EXERCISE REQUIREMENTS: With pictures excluded, repeat exactly the lines from the one containing "ג'י.אם.סי סיירה EV" through the last line of the material below.

EXTRACTED ENTRIES:

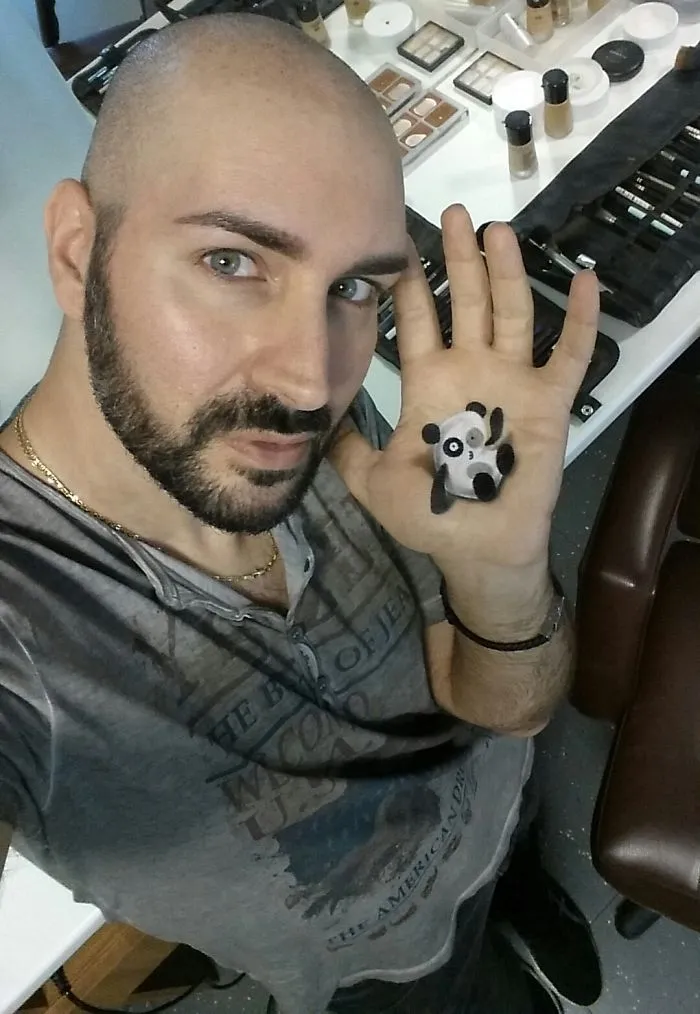 Mind-Bending 3D Optical Illusions On The Palm Of My Hand (+ Bonus Panda)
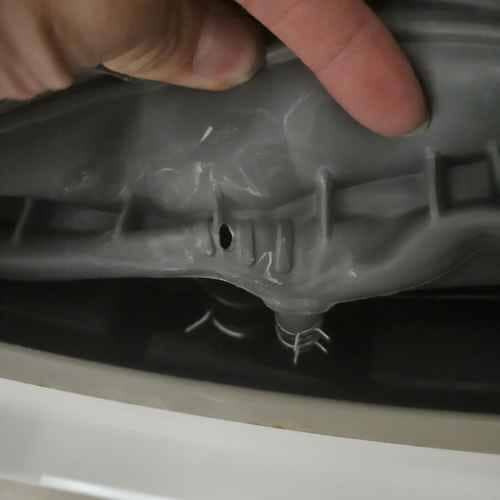 這部LG FV系列洗衣機機底滴水之謎:師傅拆解後發現門膠邊藏著小窿 🔍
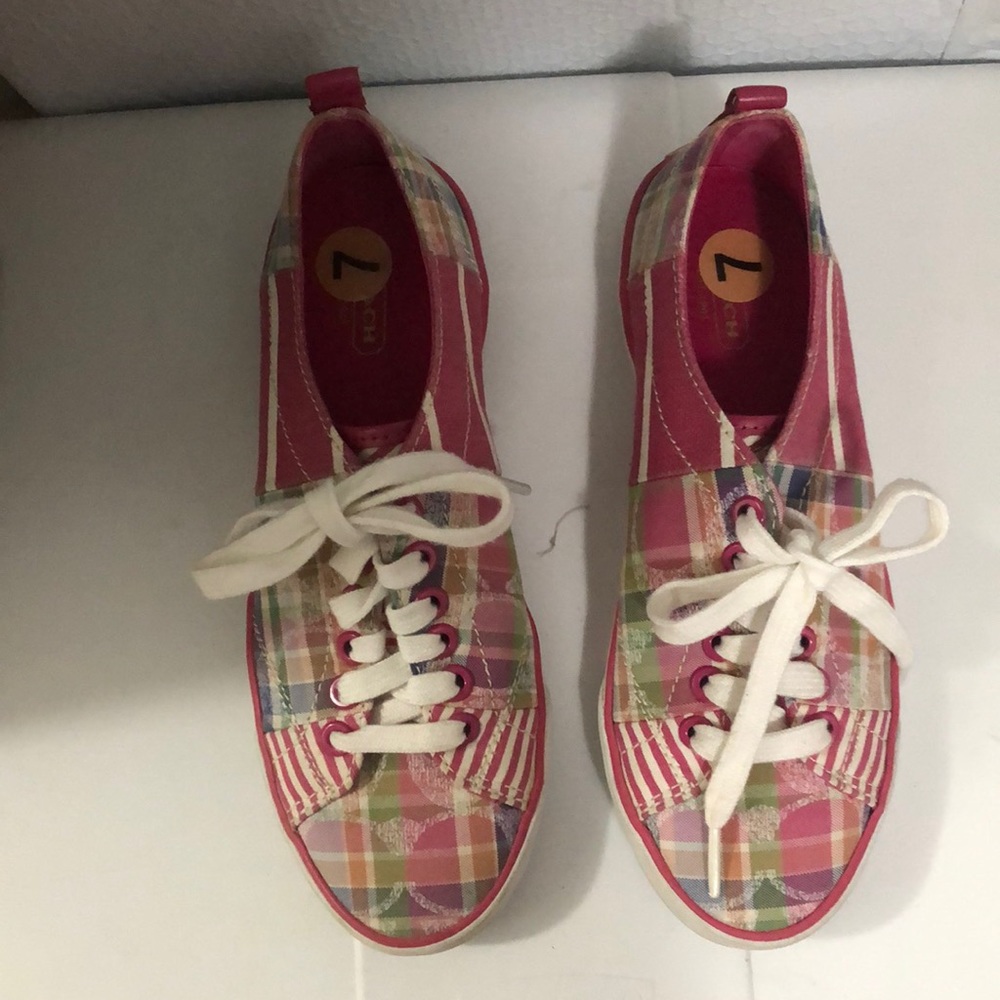Coach sneaker size 7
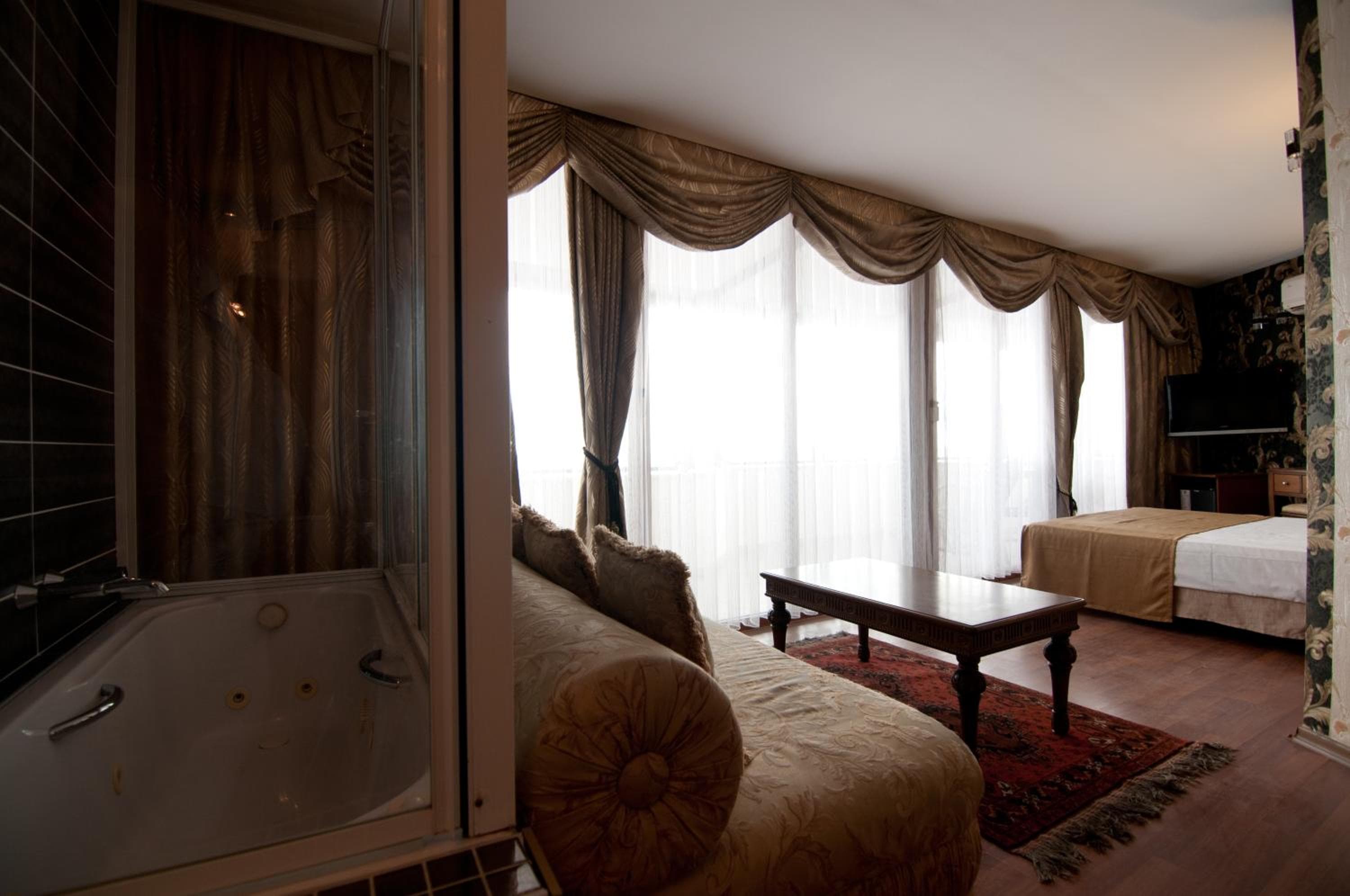 Artefes Hotel Old City& Spa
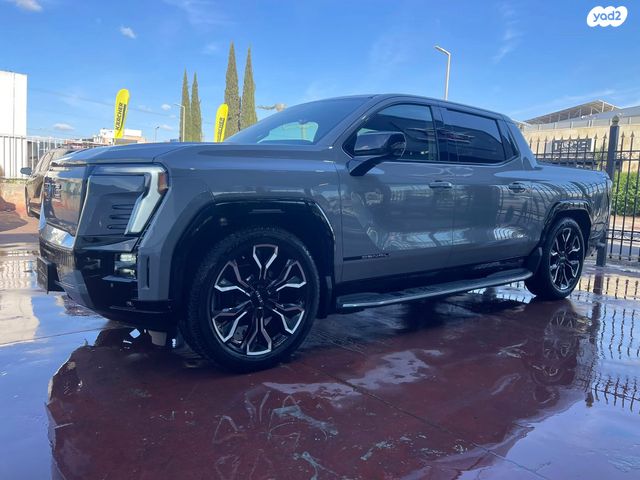 ג'י.אם.סי סיירה EV  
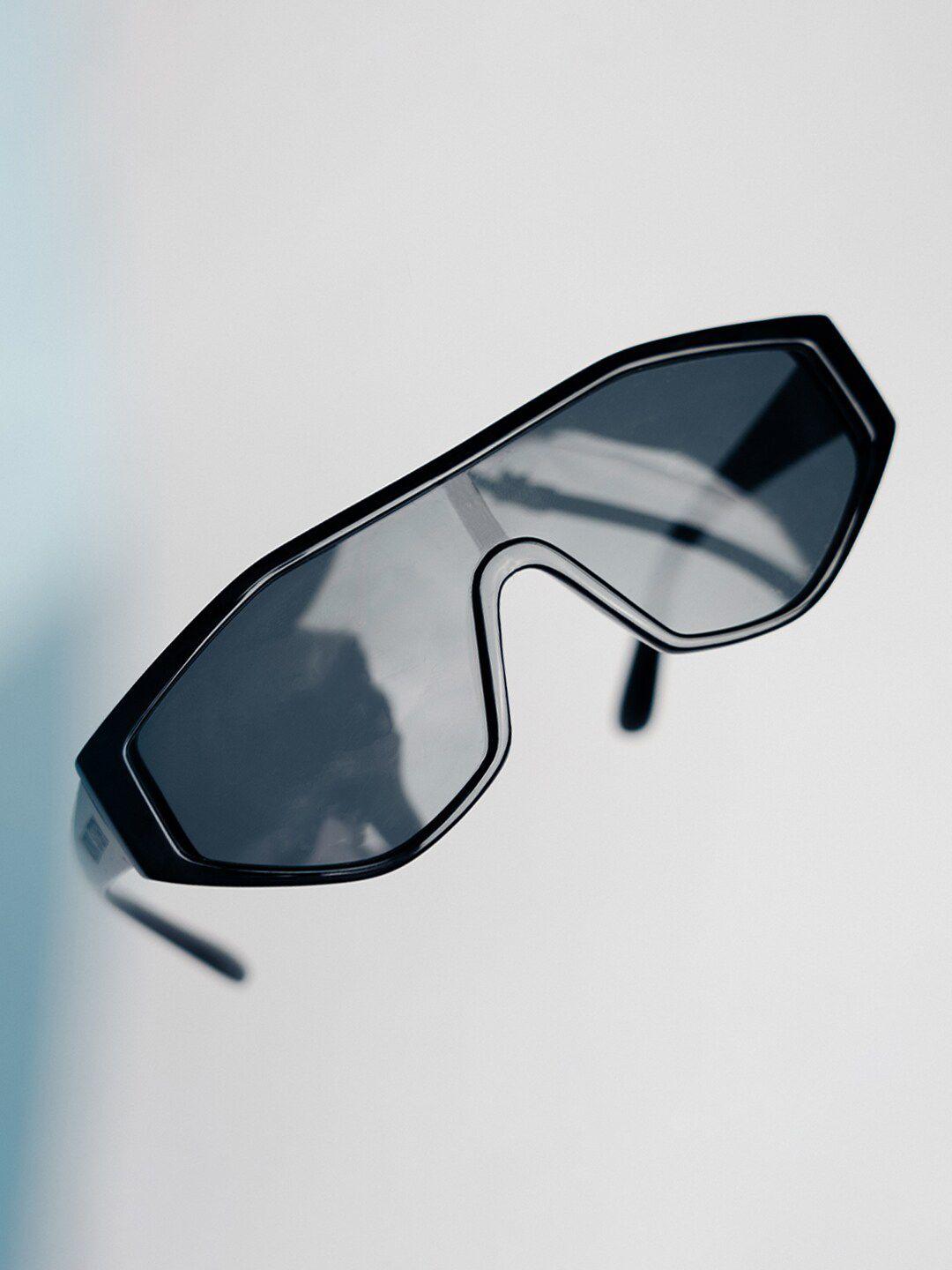 monkstory unisex shield sunglasses with polarised & uv protected lens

SOLUTION FOR THIS TASK:
 ג'י.אם.סי סיירה EV  
 monkstory unisex shield sunglasses with polarised & uv protected lens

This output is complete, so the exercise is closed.